Hak gasplarına, ek mesailere, mobbinge, şiddete karşı, kadınların yaşadığı tüm güçlüklere karşı işyerlerinde de mücadeleyi yükseltmek için Kadın Dayanışma Komiteleri var. Yasalarla zorunlu tutulduğu halde yüzlerce kadının çalıştığı işyerlerinde kreş açmayan patronlardan hesap sormak için var. Eşit işe eşit ücret talebini yükseltmek için var.

Üniversitelerdeler. Gericiliğin kıskacı altında, bilimsellikten eser kalmamış “bilim yuvalarında” eğitim almaya çalışan genç kadınlarla buluşuyorlar. Şiddetin kapısından girmesini aklımızın almadığı bu eğitim kurumlarında şiddet gören hatta katledilen kadınların hesabını sormak için oradalar. Gerici hocaların dayatmalarına boyun eğmeyen genç kadınları güçlendirmek için oradalar. 

Kadın Dayanışma komiteleri henüz yolun başında. Bunca kötülüğün içinde insana yaraşır bir dayanışmaya tanıklık eden kadınlar umutlanıyor, komitelerin parçası haline geliyor. Kapitalizmin baskı altına aldığı, yalnızlaştırdığı, çaresiz hissettirdiği kadınlar dayanışmanın ve mücadelenin içinde dönüşüyor, güçleniyor. Kadınlar güçlendikçe, insanlığın kurtuluşuna dair umudumuz büyüyor. Kadınların direngenliğini, tarih boyunca devrimleri ateşleyenler olduklarını yeniden hatırlamamıza vesile oldukları için emeği geçen herkese teşekkür borcumuz var. 

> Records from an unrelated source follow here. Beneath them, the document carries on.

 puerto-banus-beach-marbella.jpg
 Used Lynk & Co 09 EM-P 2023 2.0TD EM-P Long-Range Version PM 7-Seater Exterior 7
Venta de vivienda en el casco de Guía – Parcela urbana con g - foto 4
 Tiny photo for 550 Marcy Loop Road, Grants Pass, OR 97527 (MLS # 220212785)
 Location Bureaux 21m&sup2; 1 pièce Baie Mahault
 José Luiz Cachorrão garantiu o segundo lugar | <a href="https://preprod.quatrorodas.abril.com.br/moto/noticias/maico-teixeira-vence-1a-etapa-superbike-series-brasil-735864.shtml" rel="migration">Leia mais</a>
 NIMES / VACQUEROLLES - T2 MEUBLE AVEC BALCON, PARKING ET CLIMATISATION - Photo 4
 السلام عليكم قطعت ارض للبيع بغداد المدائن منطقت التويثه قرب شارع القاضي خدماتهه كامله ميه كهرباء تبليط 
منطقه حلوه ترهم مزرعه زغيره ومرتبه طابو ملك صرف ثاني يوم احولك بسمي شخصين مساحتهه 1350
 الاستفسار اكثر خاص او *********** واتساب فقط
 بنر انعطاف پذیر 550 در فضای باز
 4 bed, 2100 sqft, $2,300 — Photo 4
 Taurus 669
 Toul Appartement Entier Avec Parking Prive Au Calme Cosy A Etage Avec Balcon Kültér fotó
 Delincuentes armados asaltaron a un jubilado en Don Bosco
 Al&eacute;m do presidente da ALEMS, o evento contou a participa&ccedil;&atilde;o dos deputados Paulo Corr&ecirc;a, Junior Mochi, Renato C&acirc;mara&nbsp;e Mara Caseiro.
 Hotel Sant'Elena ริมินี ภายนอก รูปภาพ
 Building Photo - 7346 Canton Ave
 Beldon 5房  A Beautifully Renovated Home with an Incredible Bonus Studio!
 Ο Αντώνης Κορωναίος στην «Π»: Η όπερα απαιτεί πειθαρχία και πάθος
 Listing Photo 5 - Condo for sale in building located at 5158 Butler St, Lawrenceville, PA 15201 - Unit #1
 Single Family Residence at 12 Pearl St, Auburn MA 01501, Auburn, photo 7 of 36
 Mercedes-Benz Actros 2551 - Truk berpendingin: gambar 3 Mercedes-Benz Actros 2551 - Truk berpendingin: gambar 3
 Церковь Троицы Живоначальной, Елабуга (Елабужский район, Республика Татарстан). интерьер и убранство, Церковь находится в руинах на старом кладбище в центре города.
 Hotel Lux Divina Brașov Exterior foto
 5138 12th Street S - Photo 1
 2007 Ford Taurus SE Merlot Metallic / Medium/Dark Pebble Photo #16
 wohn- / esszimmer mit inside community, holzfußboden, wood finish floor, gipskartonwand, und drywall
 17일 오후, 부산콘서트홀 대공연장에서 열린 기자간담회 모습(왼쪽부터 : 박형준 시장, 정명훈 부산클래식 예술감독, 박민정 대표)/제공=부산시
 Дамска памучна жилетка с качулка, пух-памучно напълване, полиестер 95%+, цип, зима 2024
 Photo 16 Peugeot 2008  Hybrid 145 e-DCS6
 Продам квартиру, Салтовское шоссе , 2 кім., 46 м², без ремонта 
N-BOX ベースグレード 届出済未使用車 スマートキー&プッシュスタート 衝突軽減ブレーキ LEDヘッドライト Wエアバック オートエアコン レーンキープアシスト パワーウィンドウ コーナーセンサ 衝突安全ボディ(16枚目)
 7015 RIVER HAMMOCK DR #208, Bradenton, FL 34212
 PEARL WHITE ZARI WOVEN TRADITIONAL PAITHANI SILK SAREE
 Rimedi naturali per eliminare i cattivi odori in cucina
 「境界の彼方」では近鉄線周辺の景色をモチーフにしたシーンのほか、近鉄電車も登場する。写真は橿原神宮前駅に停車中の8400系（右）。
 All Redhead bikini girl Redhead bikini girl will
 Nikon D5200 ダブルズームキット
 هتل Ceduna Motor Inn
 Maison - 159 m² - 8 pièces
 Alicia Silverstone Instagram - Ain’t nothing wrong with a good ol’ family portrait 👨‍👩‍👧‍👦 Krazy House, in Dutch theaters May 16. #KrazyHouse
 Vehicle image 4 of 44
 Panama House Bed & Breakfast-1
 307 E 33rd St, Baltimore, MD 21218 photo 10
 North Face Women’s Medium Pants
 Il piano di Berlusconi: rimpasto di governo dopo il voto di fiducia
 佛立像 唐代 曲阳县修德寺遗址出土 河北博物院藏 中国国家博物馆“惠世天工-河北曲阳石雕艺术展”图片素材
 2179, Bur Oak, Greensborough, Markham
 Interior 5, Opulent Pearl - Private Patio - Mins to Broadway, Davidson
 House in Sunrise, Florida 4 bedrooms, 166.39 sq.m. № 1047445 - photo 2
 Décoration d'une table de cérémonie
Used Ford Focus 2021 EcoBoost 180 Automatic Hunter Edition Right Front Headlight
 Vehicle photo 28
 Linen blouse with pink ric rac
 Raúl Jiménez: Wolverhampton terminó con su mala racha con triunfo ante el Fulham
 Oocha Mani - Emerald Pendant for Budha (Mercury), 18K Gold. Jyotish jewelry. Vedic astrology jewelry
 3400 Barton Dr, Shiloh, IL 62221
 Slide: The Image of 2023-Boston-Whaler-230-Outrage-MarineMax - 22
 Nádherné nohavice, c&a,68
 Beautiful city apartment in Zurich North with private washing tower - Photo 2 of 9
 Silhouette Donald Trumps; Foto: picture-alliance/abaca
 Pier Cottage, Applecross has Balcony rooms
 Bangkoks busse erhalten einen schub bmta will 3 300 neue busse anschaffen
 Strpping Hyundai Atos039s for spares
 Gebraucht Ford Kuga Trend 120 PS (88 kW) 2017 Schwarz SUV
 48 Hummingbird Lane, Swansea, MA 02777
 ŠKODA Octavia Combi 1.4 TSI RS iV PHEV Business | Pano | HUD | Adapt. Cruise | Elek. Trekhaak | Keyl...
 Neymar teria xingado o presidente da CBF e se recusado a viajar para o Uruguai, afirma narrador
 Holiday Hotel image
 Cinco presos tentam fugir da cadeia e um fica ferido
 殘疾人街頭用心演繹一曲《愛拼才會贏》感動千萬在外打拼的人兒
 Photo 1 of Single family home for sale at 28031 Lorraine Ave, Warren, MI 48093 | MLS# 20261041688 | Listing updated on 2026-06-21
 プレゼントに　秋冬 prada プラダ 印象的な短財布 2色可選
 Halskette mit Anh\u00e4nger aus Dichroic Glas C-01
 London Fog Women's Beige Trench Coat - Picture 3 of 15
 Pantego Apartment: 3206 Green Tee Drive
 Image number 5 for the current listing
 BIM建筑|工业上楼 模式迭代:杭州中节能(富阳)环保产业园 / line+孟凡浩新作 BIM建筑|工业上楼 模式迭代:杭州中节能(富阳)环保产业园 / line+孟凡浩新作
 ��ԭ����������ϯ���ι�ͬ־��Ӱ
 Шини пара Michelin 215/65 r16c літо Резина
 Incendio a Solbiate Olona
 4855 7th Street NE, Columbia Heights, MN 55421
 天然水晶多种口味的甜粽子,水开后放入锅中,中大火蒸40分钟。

Çok daha fazlasını yapabilmeleri için desteğimize, dayanışmalarının ve mücadelelerinin parçası olmamıza ihtiyaçları var. Geliyorlar zincirleri kıra kıra, kollarına girmemizi bekliyorlar. Direndik, dayanışıyoruz, yarınları kazanacağız diyerek yürüyorlar. Yolları, yolumuz açık olsun.